Es ist wenig verwunderlich, dass in „Erinnerung eines Mädchens“ (Suhrkamp) tatsächlich Erinnerungen von einem Mädchen zu finden sind. Zurückblicken, verarbeiten – um nichts anderes geht es in der Autobiografie von Annie Ernaux und man könnte sich fragen: was soll das? Warum diese vielen Worte? Was will die Autorin mit diesem Buch bezwecken?
Schon diese Fragen sind grandios, denn diese stellt sich Annie Ernaux am Ende des Romans, den ich sehr empfehlen kann, selbst und antwortet wie folgt:
Den Abgrund erkunden zwischen der ungeheuren Wirklichkeit eines Geschehens in dem Moment, in dem es geschieht, und der merkwürdigen Unwirklichkeit, die dieses Geschehen Jahre später annimmt. (Seite 164)
Erinnerung ~ Abründe
Diesen Abgrund ergründen wir mit ihr zusammen und stellen schnell fest, dass wir dabei auch unsere eigenen Abgründe erkunden. Es stechen zwischen Ernaux ihren Worten immer unsere eigenen Erinnerungen hervor, ob wir wollen oder nicht. So wird es auch für uns ein wenig unangenehm und peinlich und auch etwas (er)drückend, es sei denn, man kann eine weiße Weste vorweisen. Doch wie weiß ist schon richtiges Weiß?

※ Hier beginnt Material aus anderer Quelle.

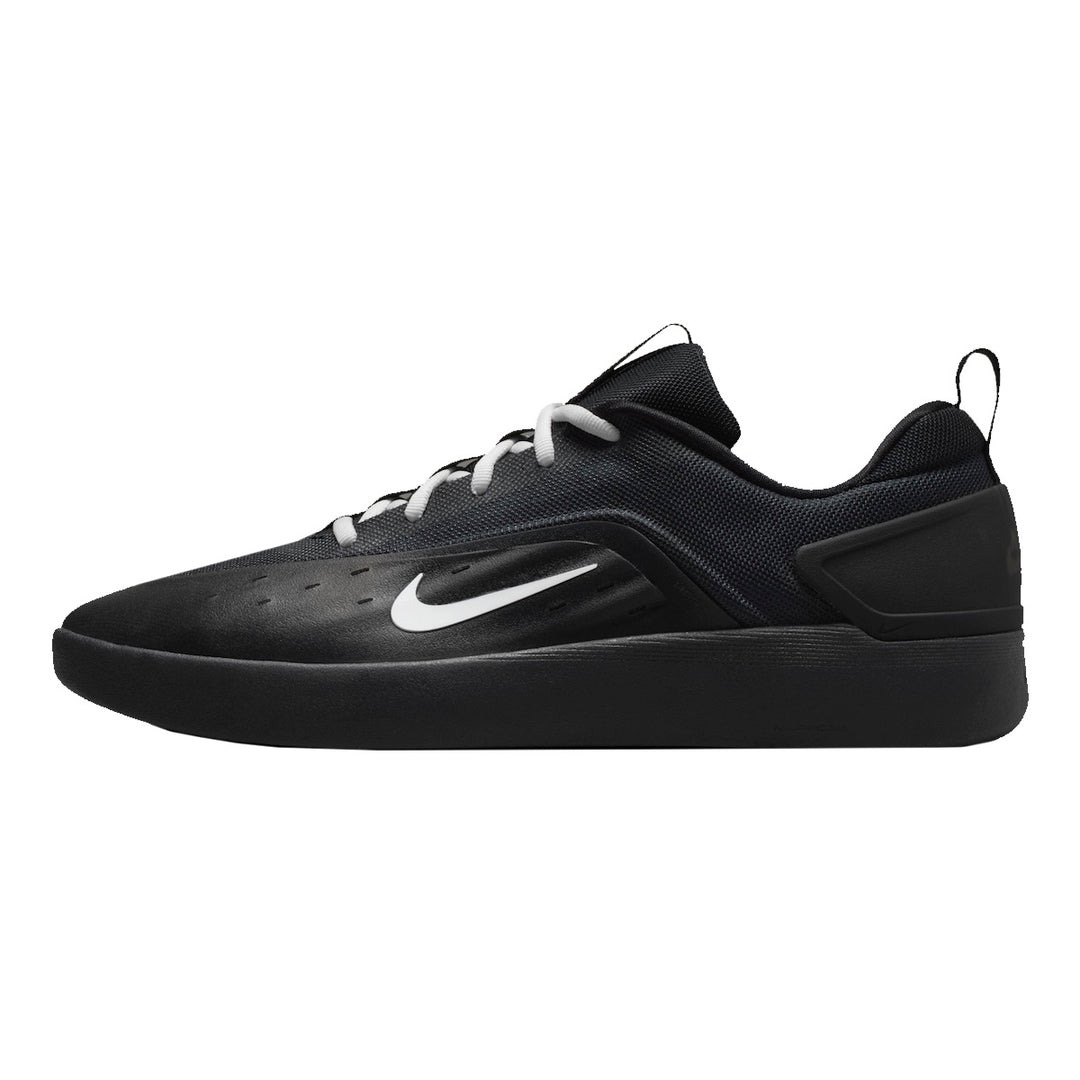 NIKE SB ZOOM NYJAH 4 (BLACK/WHITE) FQ1273-002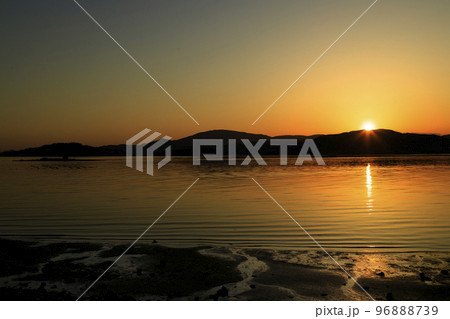 瀬戸内の春の夕景沈む夕陽と茜に染まる海 瀬戸内の春の夕景沈む夕陽と茜に染まる海 96888739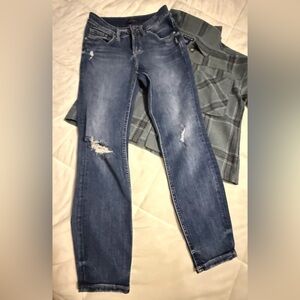 Silver Jeans Women's Blue Skinny Jeans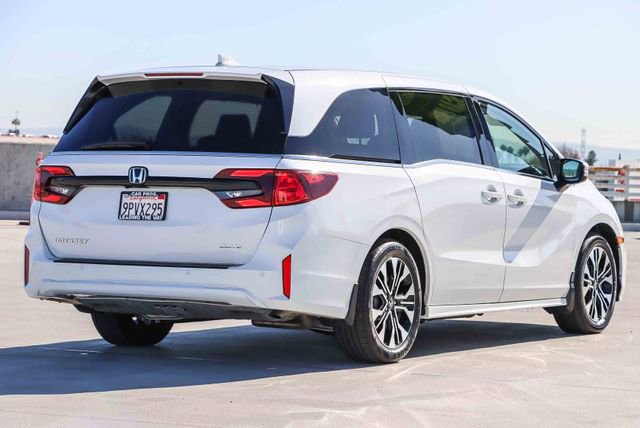 Used 2025 Honda Odyssey Elite image 8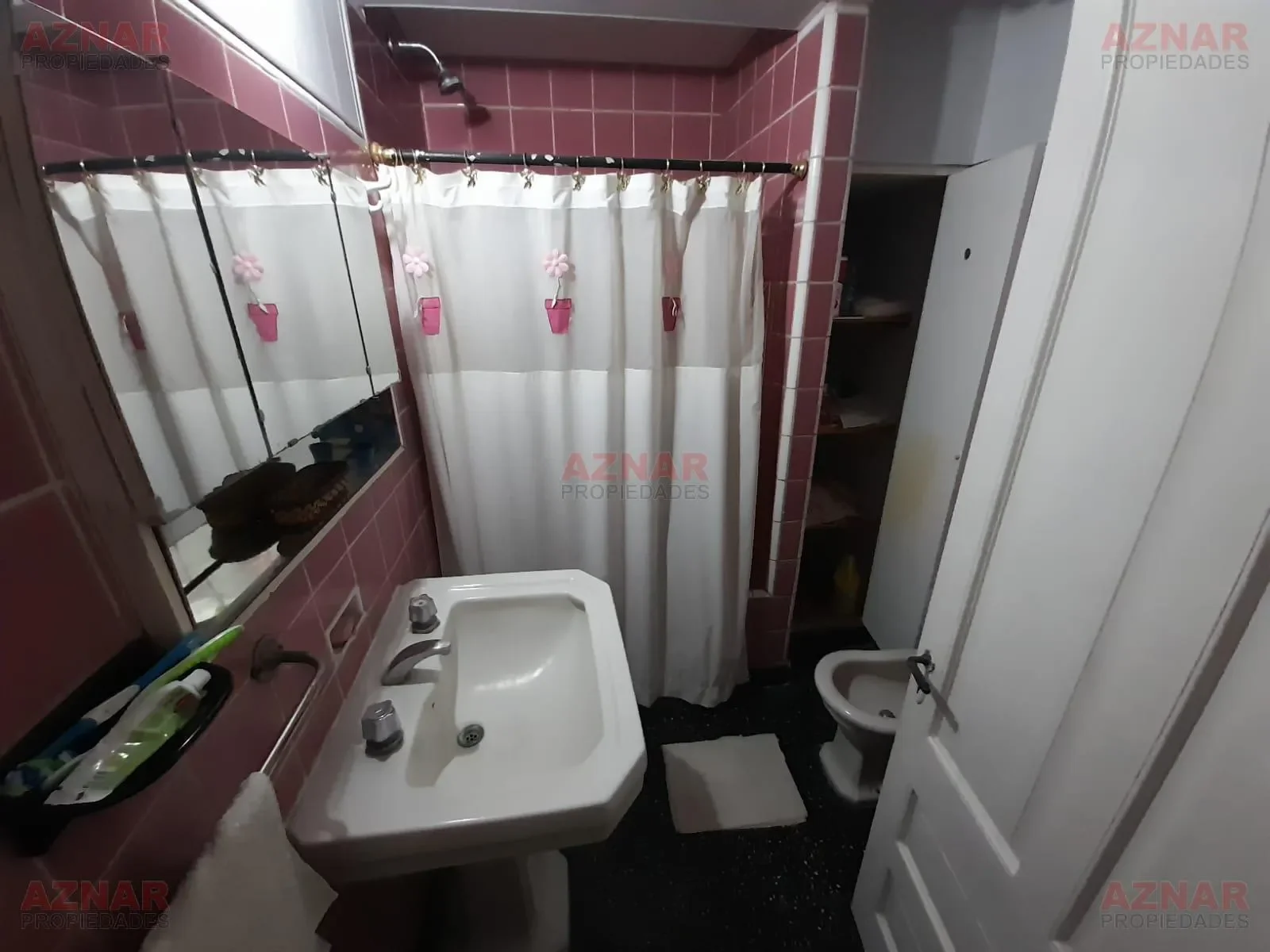 Local con vivienda en venta en Rivadavia Nº1464 e/ Brown y Lavalle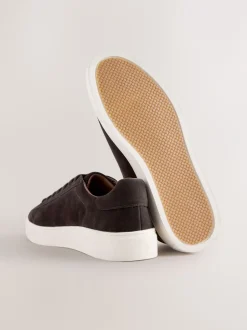 Schoenen*Next - Chic-casual lange sneakers Bruin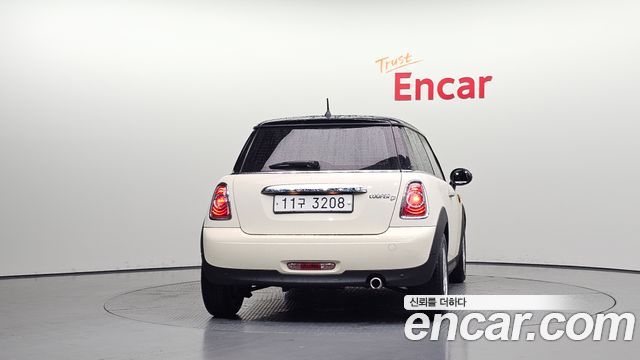 Mini Cooper Special Edition Second Generation — пробег 97 446 км — фото 4 из 5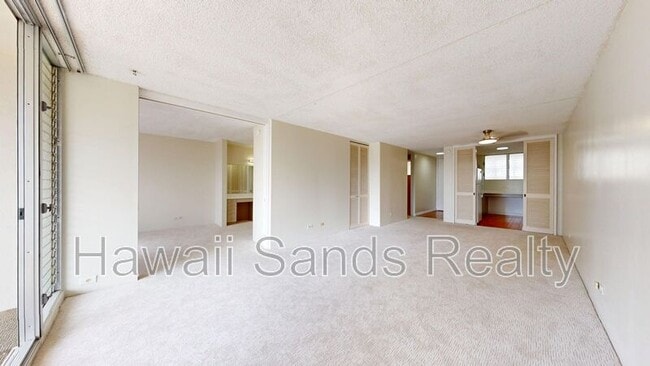 Building Photo - 469 Ena Rd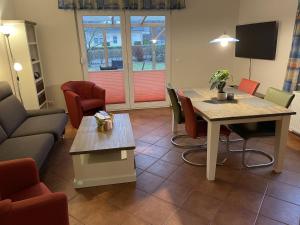 een woonkamer met een tafel en stoelen bij Holiday Home Möwen und Muschel Nest by Interhome in Ostseebad Karlshagen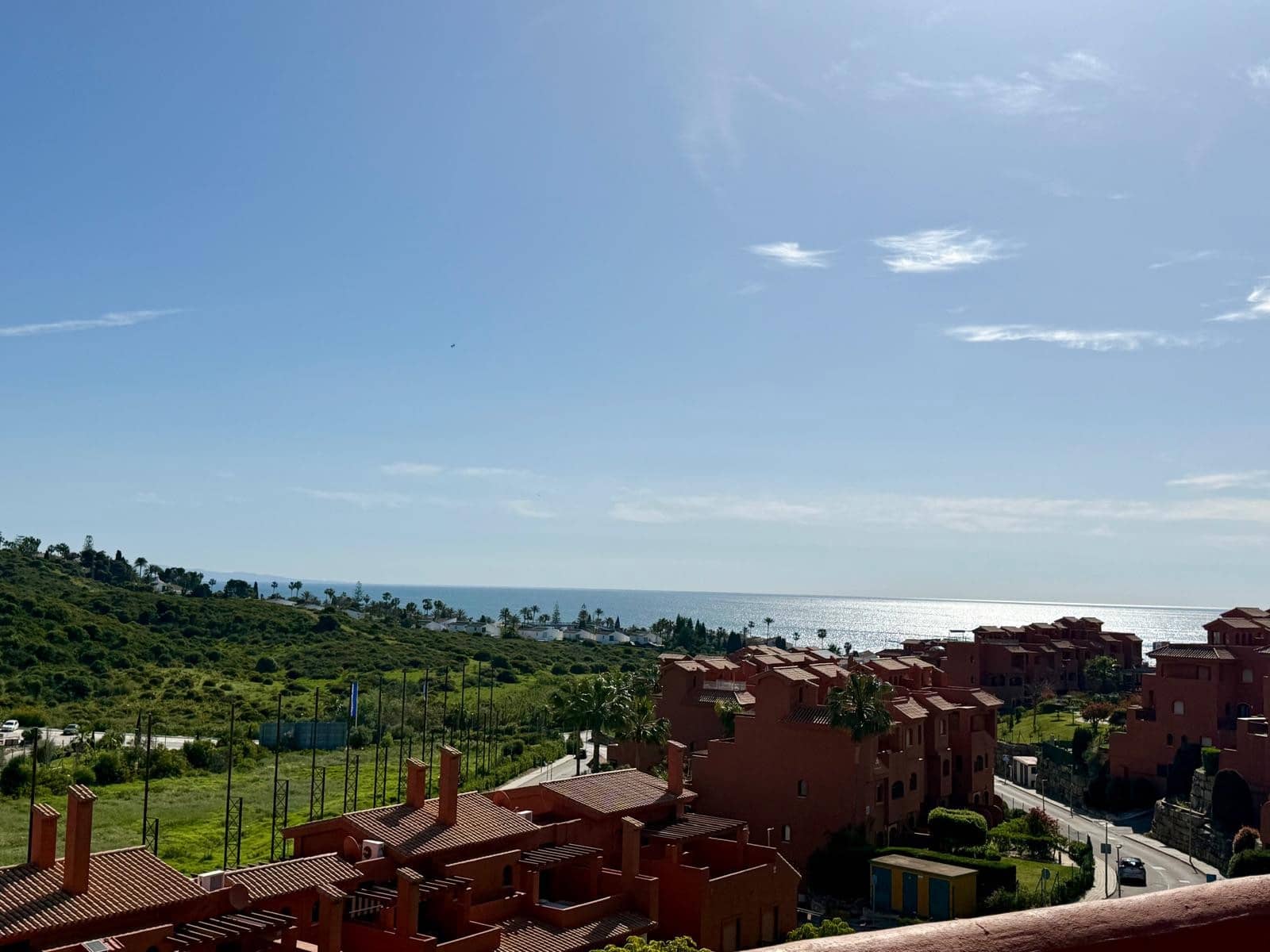 3 bedroom Penthouse for sale in Estepona with pool garage - € 465,000 (Ref: 9783393)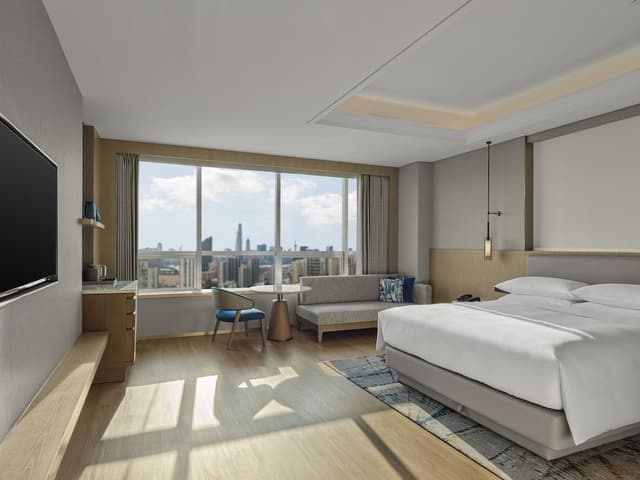 Deluxe Room, 1 King Bed, City View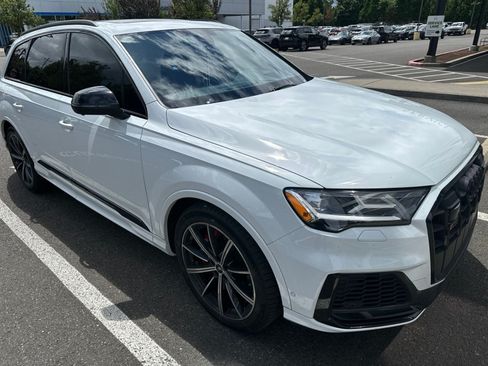 Used 2022 Audi SQ7 Prestige AWD/4WD image 4
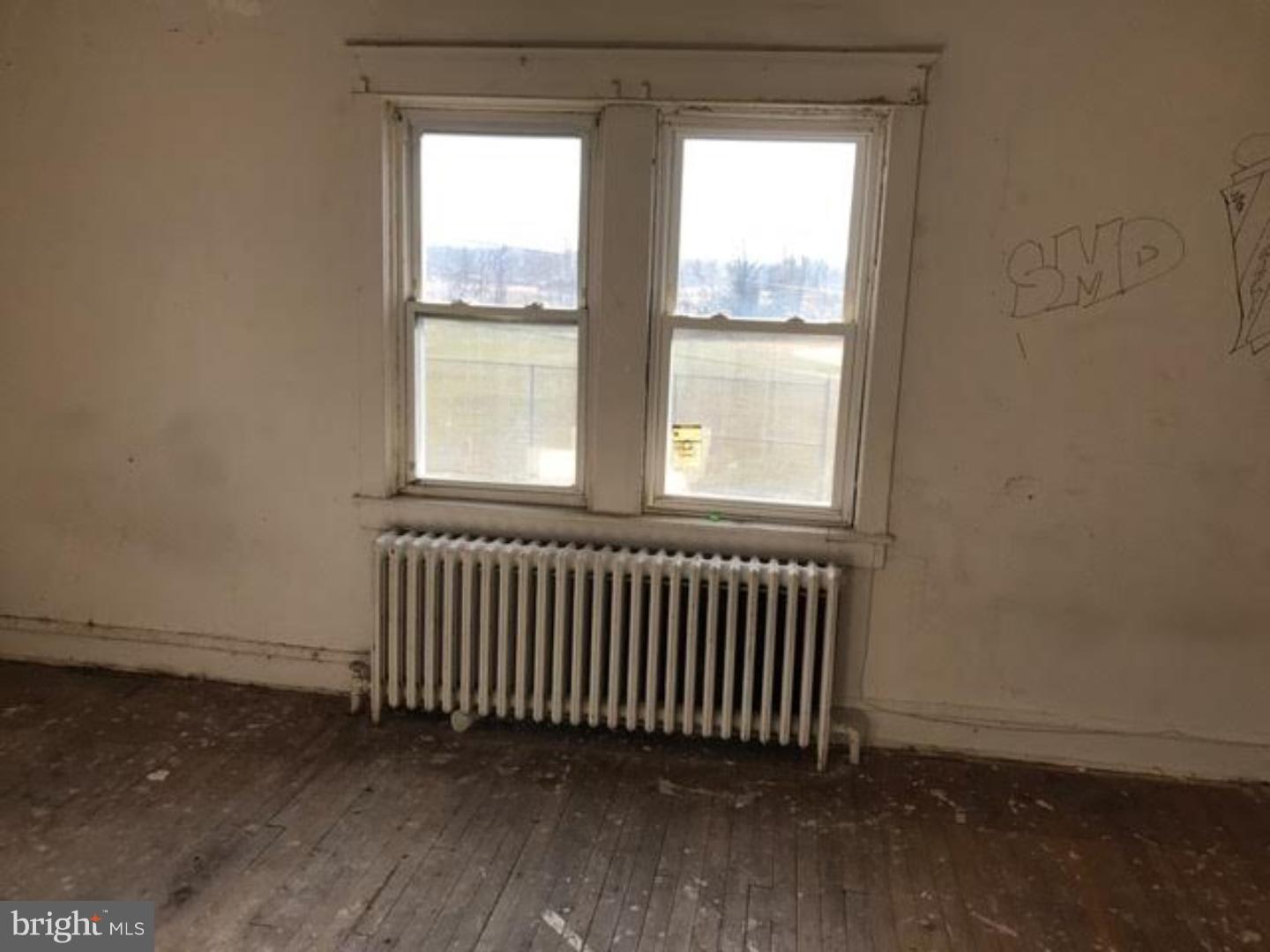 1294 South Merrimac Road Camden, NJ 08104 - Photo 6 of 12 Gallery Image 6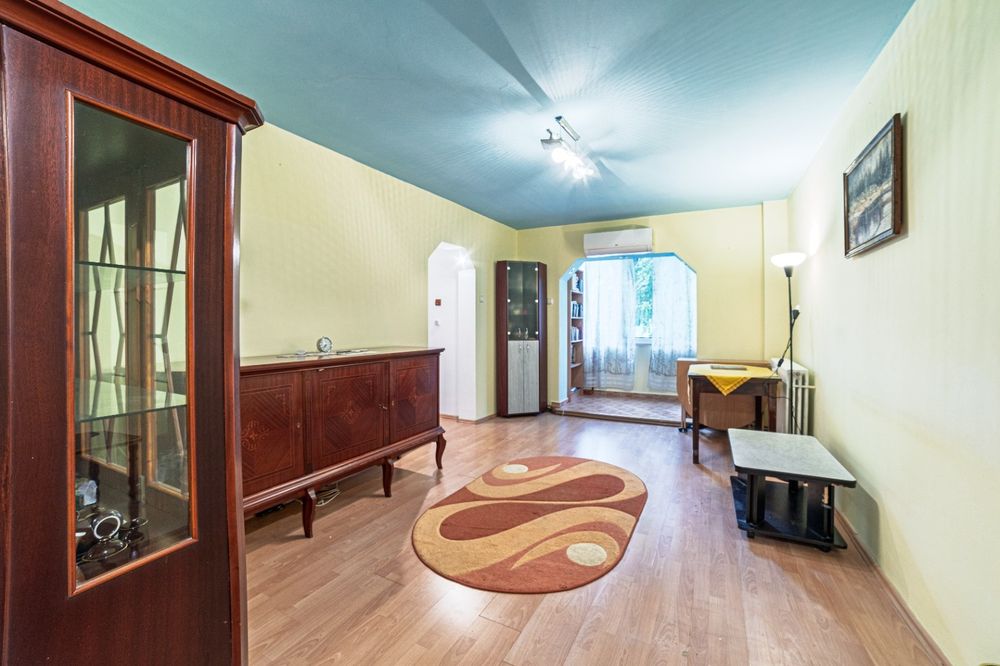 Apartament decomandat 3 camere etajul 1 Vlaicu
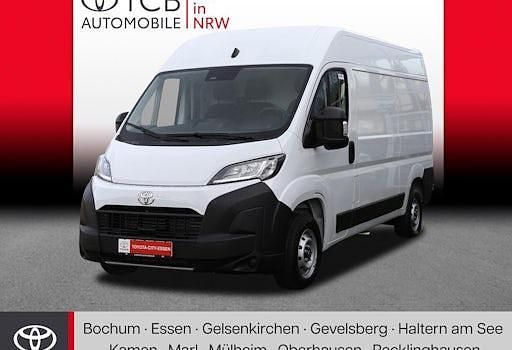 Gebraucht Toyota Proace 140 PS (102 kW) 2024 Weiß Van / Kleinbus
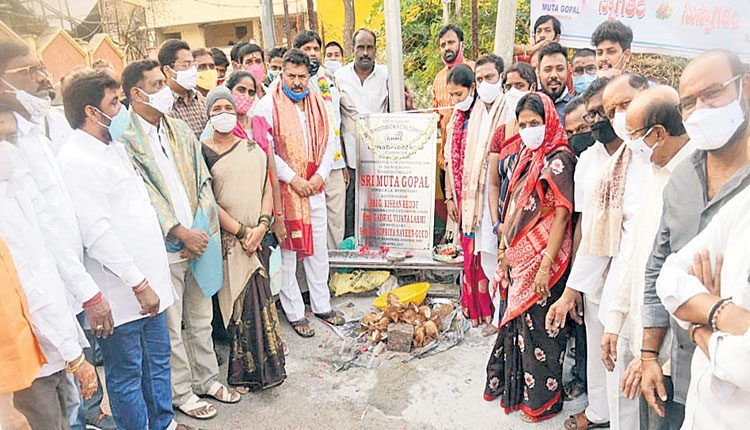 రోడ్ల మరమ్మతులకు ప్రత్యేక చర్యలు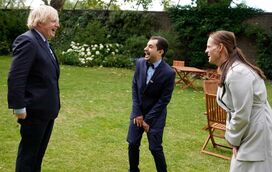 Gratidão! Boris Johnson recebe enfermeiro português que cuidou dele nos cuidados intensivos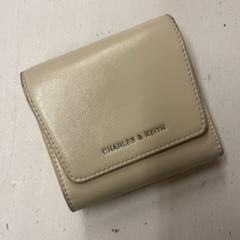 Plånbok Nguyen, rapporterat av HTM med iLost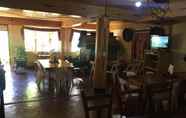 Quầy bar, cafe và phòng lounge 4 Alibama Inn & Pinikpikan Haus Resto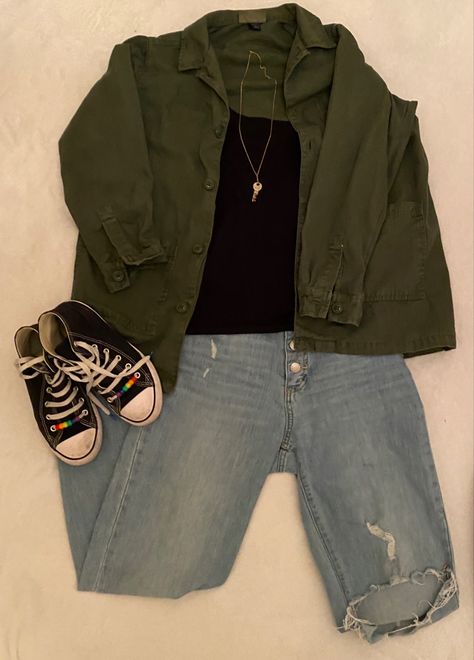 Green Outfit Grunge, Green Aesthetic Outfit Men, Nerdy Outfits Aesthetic, Dark Green Jacket Outfit, Nerd Aesthetic Outfit, Green Grunge Outfit, Winter Grunge Outfits, Dark Green Jacket, Green Jacket Outfit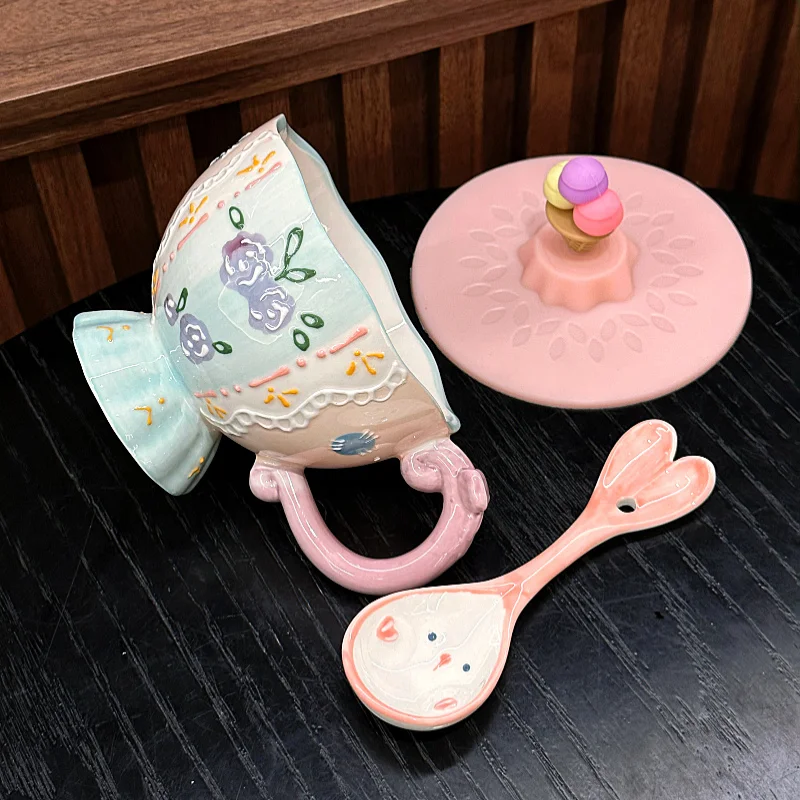 手作り浮彫り陶器マグカップ【可愛らしいデザイン・家庭用・牛乳・シリアルに最適】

Wann habe ich zuletzt ein so offenes, so intimes Buch gelesen? Annie Ernaux legt uns hier nicht nur ihre ersten sexuellen Erfahrungen mit 18 Jahren vor, sondern bezieht uns ganz nah mit in den Schreibprozess ein. Sie will sich so gut wie möglich erinnern, ihre Erlebnisse glasklar und ohne ausgelassene Details wieder geben. Die Scham, die Schmach, ihre Erinnerungen sollen uns nah gehen, vor allem aber sie selbst, heute 78 Jahre alt, bis an die Grenze bringen. Sie war 74 Jahre, als sie dieses Buch schrieb. Respekt! Gleichzeitig schmerzt aber auch, dass sie es erst jetzt schafft, ihre Vergangenheit aufzuarbeiten.
Während ich diese Zeilen tippe, frage ich mich, ob ich dieser Autobiografie überhaupt mit meinen laschen Worten gerecht werden kann. Vermutlich nicht, denn ich kann nicht in Worte fassen, wie grandios dieses Werk, ja, es ist ein Werk, geschrieben ist.
1958 ~ 2014
Warte, lass mich ein Zitat anführen:
Soll ich unter diesen Umständen das Mädchen von 58 und die Frau von 2014 zu einem „Ich“ verschmelzen? Oder, was mir – rein subjektiv – zwar nicht am stimmigsten, dafür aber am aufregendsten erscheint, beide voneinander trennen, sie in ein „sie“ und ein „ich“ aufspalten, um bei der Darstellung von Ereignissen und Handlungen bis zum Äußersten gehen zu können? Und das aufs Grausamste… (Seite 21)
Stark, oder? Das meine ich – sie lässt uns am Schreibprozess teilhaben, spricht immer mal wieder zu sich selbst, urteilt, prüft, intensiviert. Das ganze Buch ist ein Prozess und jetzt ACHTUNG – der Lesefluss wird nicht gestört, es gibt keine holprigen Wörter, trotz Anspruch ist es kein kompliziertes Lesen. Selbst das es keine Kapitel gibt, spielt überhaupt keine Rolle, denn es gibt größere Absätze. Doch eigentlich ist alles egal, denn wer sich gemeinsam mit Annie Ernaux in ihr früheres ICH zurück begibt, kann erst atmen, wenn er den letzten Satz gelesen hat.
Kleine Nutte ~ anständiges Mädchen
Es ist und bleibt seltsam, diese intimen Erfahrungen zu lesen. Vor allem, weil die Autorin so direkt mit ihrem ICH umgeht, ungeschönt erzählt, über die Annie von damals, über die kleine Nutte, das gefallene Mädchen und dann über die Annie der Gegenwart, über das anständige Mädchen, die Frau mit Lebenserfahrung. Ein Kraftakt der Autorin, ein eingestehen der Vergangenheit, ein reflektieren der eigenen Naivität, aber auch ein bestätigen der vielen Handlungen, die sie absichtlich so ausführte.
Ich bin überwältigt von so viel Offenheit, so direkten Worten im recht hohen Alter. Und ich bin schockiert von den Dingen, die ihr damals in der Ferienkolonie mit H. widerfahren sind, wie sie damit umging und wie stark sie diese Erfahrungen im Nachhinein gemacht haben. Trotz Mobbing, trotz Essstörung, trotz Schweigen und prägenden sexuellen Begebenheiten, ist sie aufrecht im Leben angekommen. Mit Wunden, tiefen Erkenntnissen – aber angekommen.
Ich behaupte, dass jede Frau ein Stück „Mehrwert“ in Ernaux Erinnerung findet und verneige mich dankbar.